▶ **Data in this exercise**:

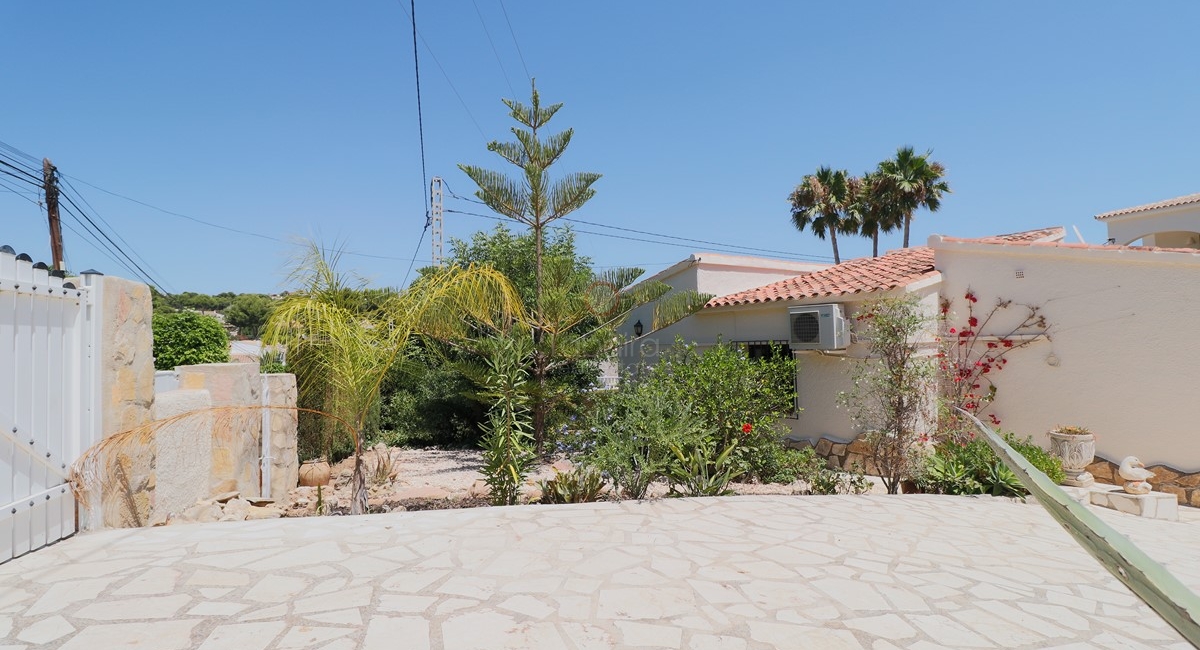 ▷ Villa à vendre à Cap Blanc Moraira à pied des restaurants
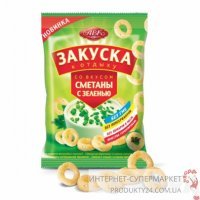 "Мука из взорванных круп". Конечно, не совсем верное определение, но в целом правильно. Я одно время работал на АВК (кондитерская фабрика). Так вот, снэки такого типа как на фотке производятся именно из "взорванной муки". Мука пропускается через фигурный наконечник экструдера, разогретый до какой-то бешенной температуры, в котором она действительно взрывается и застывает потом. Таким образом выпускаются любые снэки к пиву (подушечки, звездочки и прочее) со всякими вкусами - крабы, сметана+зелень, бекон и т. д. Посмотрите на вес, указанный на упаковке. Огромная пачка снэков, а там как не 35, то 50 грамм.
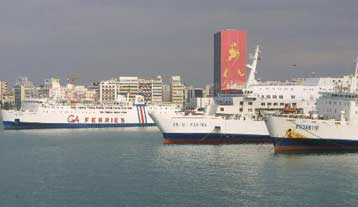 Σε μονομερή αύξηση των ναύλων προχωρούν οι ακτοπλοϊκές εταιρείες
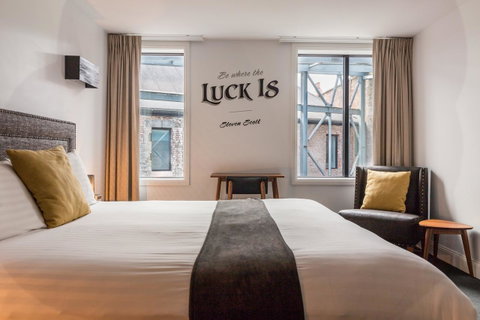 The Lucky Hotel - Sunshine Coast Tourism 20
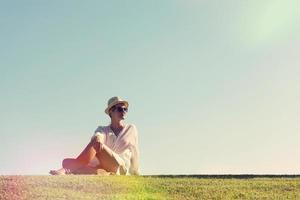 Person, die im Gras sitzt foto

▶ **What you need to do**: Although the records contain pictures, restate them word for word with those pictures left out.

▶ **Solution to this problem**:
 ▷ Villa à vendre à Cap Blanc Moraira à pied des restaurants
 "Мука из взорванных круп". Конечно, не совсем верное определение, но в целом правильно. Я одно время работал на АВК (кондитерская фабрика). Так вот, снэки такого типа как на фотке производятся именно из "взорванной муки". Мука пропускается через фигурный наконечник экструдера, разогретый до какой-то бешенной температуры, в котором она действительно взрывается и застывает потом. Таким образом выпускаются любые снэки к пиву (подушечки, звездочки и прочее) со всякими вкусами - крабы, сметана+зелень, бекон и т. д. Посмотрите на вес, указанный на упаковке. Огромная пачка снэков, а там как не 35, то 50 грамм.
 Σε μονομερή αύξηση των ναύλων προχωρούν οι ακτοπλοϊκές εταιρείες
 The Lucky Hotel - Sunshine Coast Tourism 20
 Person, die im Gras sitzt foto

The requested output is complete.